Solution and Explanation

Step 1: See the integral.
We want $\displaystyle I = \int_{-\pi/2}^{\pi/2} \frac{\cos x}{1 + e^x}\,dx$. The $e^x$ on the bottom makes a direct integral hard, so we use a symmetry trick.
Step 2: Recall the king property.
$\displaystyle \int_a^b f(x)\,dx = \int_a^b f(a+b-x)\,dx$. Here $a + b = 0$, so we replace $x$ by $-x$.
Step 3: Apply the swap.
Since $\cos(-x) = \cos x$ and $e^{-x} = \tfrac{1}{e^x}$: \[ I = \int_{-\pi/2}^{\pi/2} \frac{\cos x}{1 + \frac{1}{e^x}}\,dx = \int_{-\pi/2}^{\pi/2} \frac{e^x\cos x}{1 + e^x}\,dx \]

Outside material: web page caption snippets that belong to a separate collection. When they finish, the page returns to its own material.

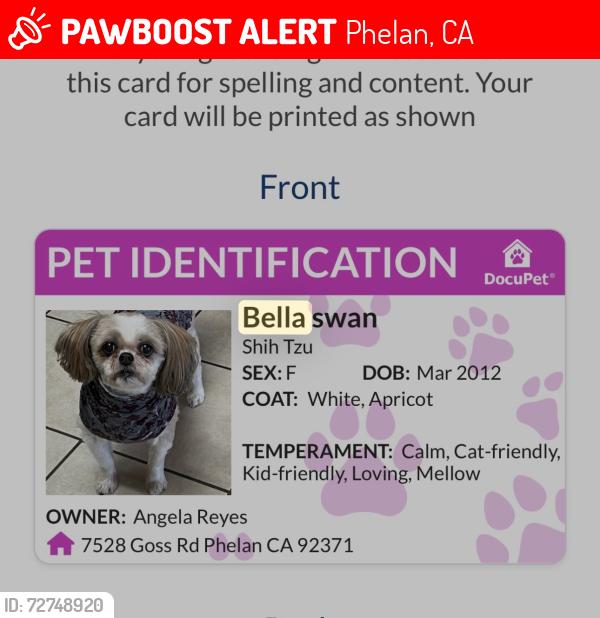 Lost Female Dog last seen Tumbleweed, Phelan, CA 92371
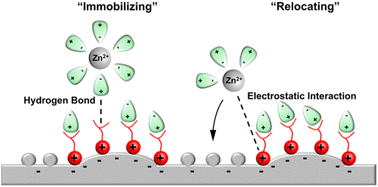 Graphical abstract: An “immobilizing and relocating” strategy for a highly reversible metallic zinc anode
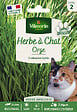 VILMORIN - Herbe à chat à semer - Graines d'orge - 20cm - vignette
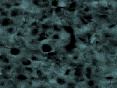 xm006800.gif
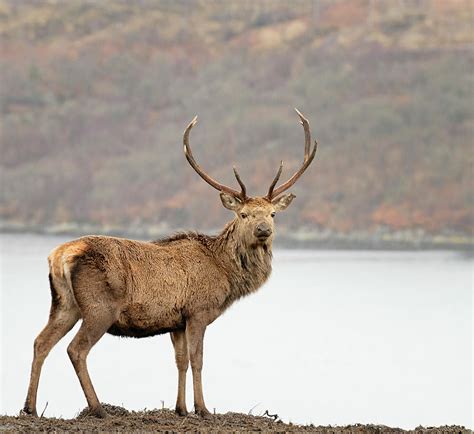 Wild Scottish Red Deer Stag Photograph By Georgeclerk Fine Art America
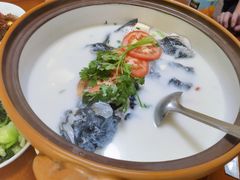 -全乐鱼馆·淳牌有机鱼直营店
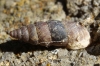 Chondrina tenuimarginata Chondrina tenuimarginata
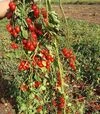 Семена томата Дольчесио F1, п.е. 1 тыс. семян (Esasem) - 6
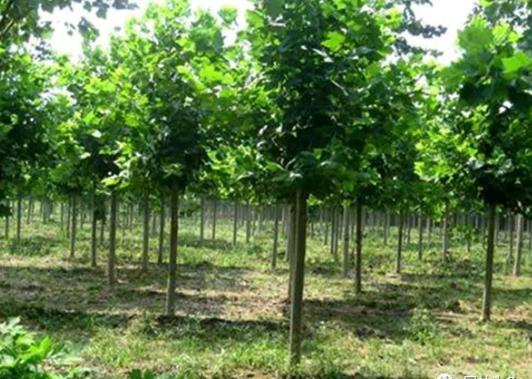 園林綠化中幾種常見速生樹種，發(fā)展趨勢怎么樣？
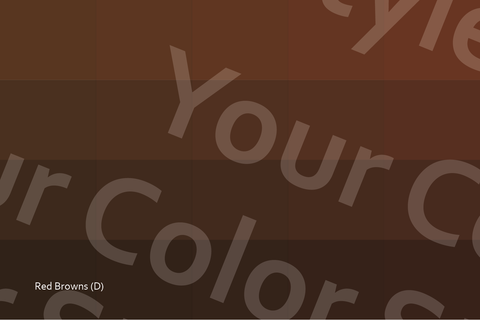 Deep Red Browns - Color Palette Postcard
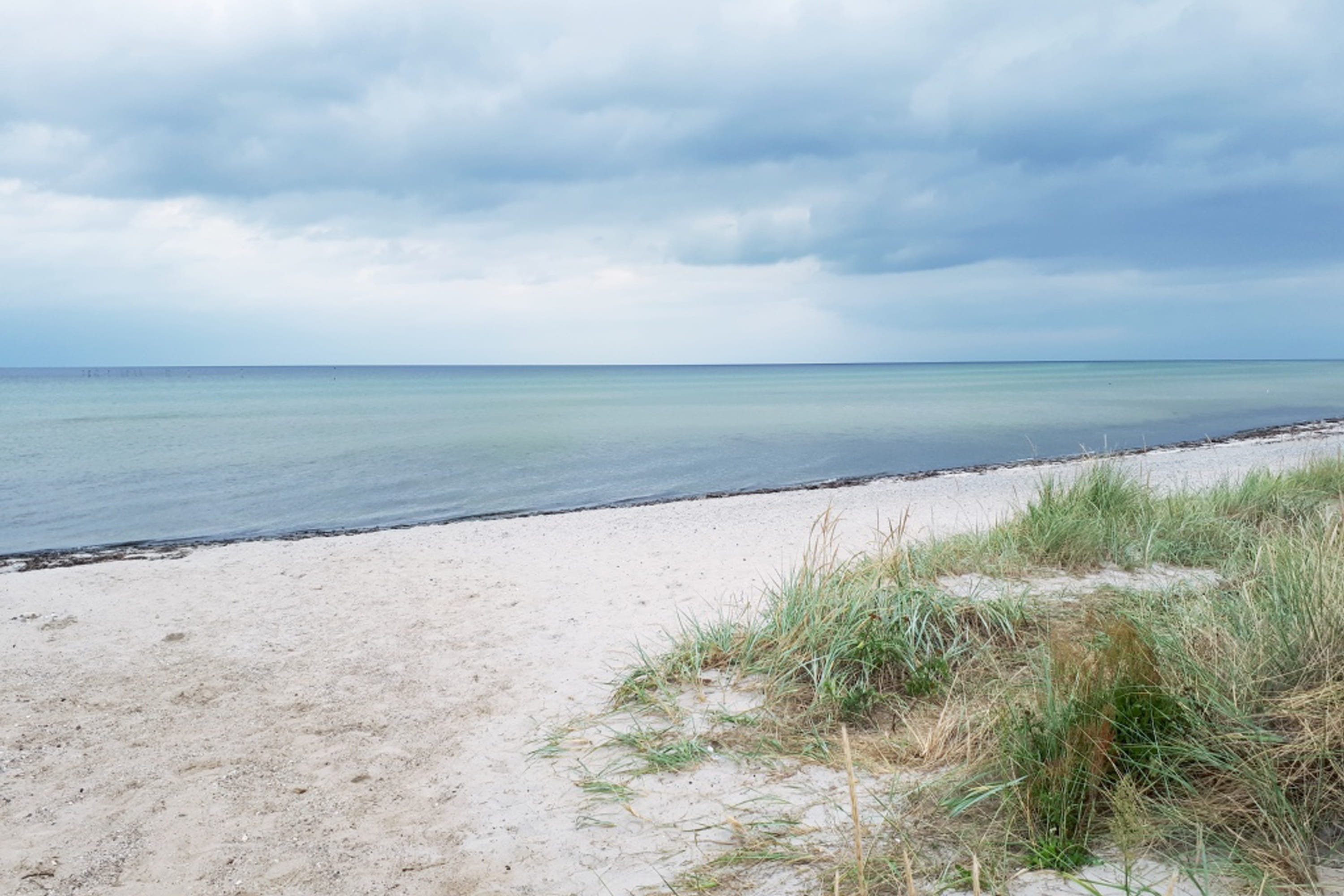beauty in nature, plant, marram grass, water, 2K, non-urban scene, tranquility, land, sand, no people, day, grass, beach, baltic sea, horizon, scenics - nature, HD Wallpaper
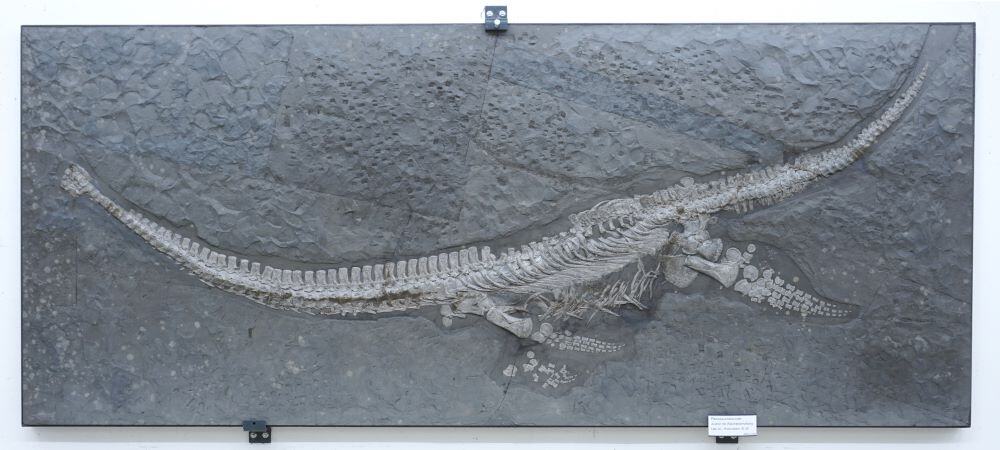 Plesiosaur fossil skeleton in museum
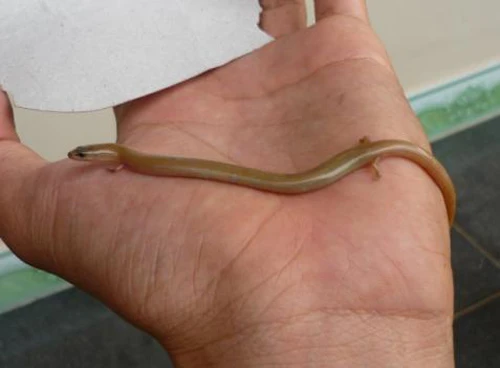 Sự thật té ngửa về “sinh vật lạ” nóng dư luận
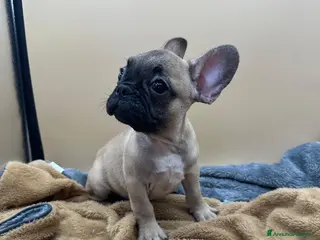Bulldog Francese cani Bouledogue Francese con Pedigree - Annuncio 2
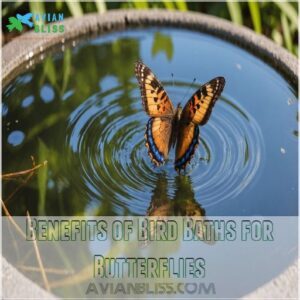 Benefits of Bird Baths for Butterflies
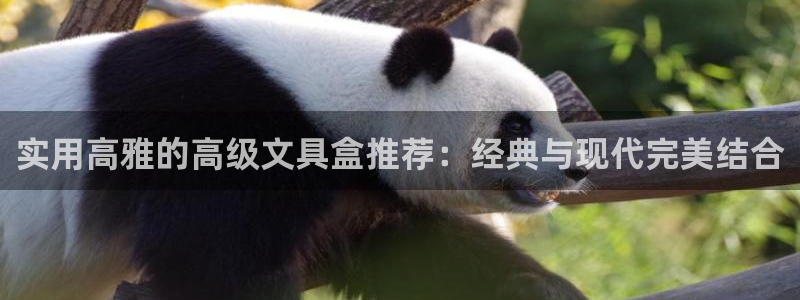 九游会国际 www：实用高雅的高级文具盒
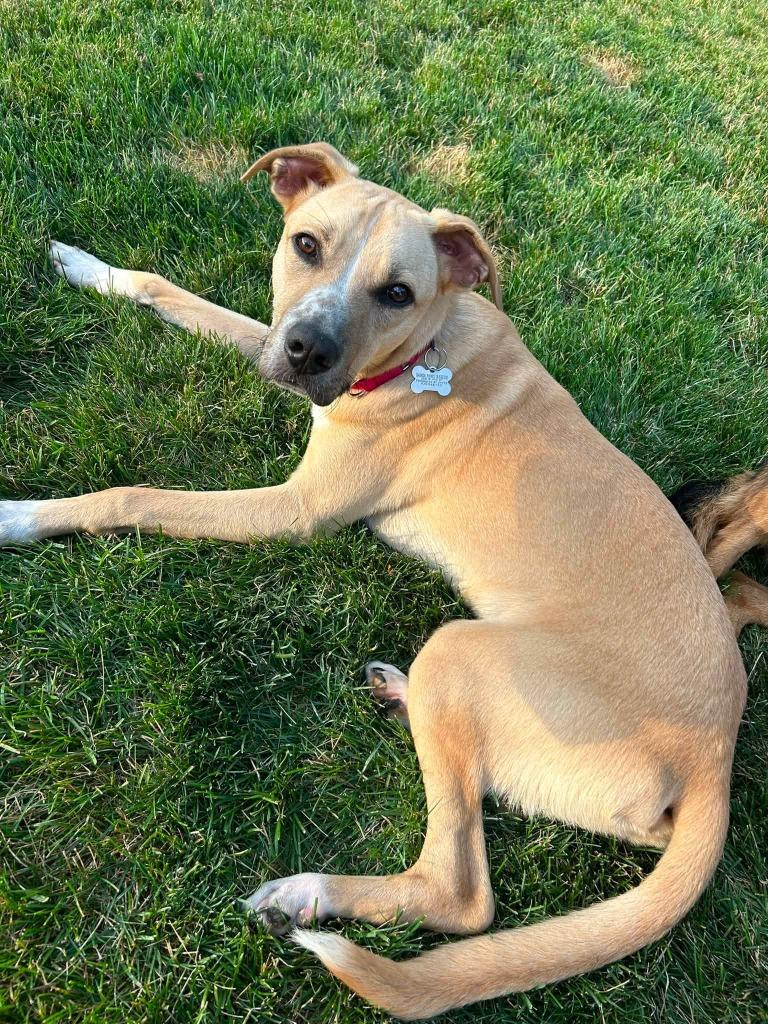 Tux, a Adoptable mixed breed in Fond Du Lac, WI image 6/6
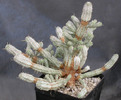 Euphorbia-mammilaris-fma-variegata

Step 4: Add the two forms.
Add the original and the new one: \[ 2I = \int_{-\pi/2}^{\pi/2} \frac{\cos x + e^x\cos x}{1 + e^x}\,dx = \int_{-\pi/2}^{\pi/2} \frac{\cos x(1 + e^x)}{1 + e^x}\,dx \]
Step 5: Cancel and use evenness.
The $(1 + e^x)$ cancels, leaving $2I = \int_{-\pi/2}^{\pi/2} \cos x\,dx$. Since $\cos x$ is even, $2I = 2\int_0^{\pi/2}\cos x\,dx$, so $I = \int_0^{\pi/2}\cos x\,dx$.
Step 6: Finish the integral.
\[ I = [\sin x]_0^{\pi/2} = \sin\frac{\pi}{2} - \sin 0 = 1 - 0 = 1 \] \[ \boxed{1} \]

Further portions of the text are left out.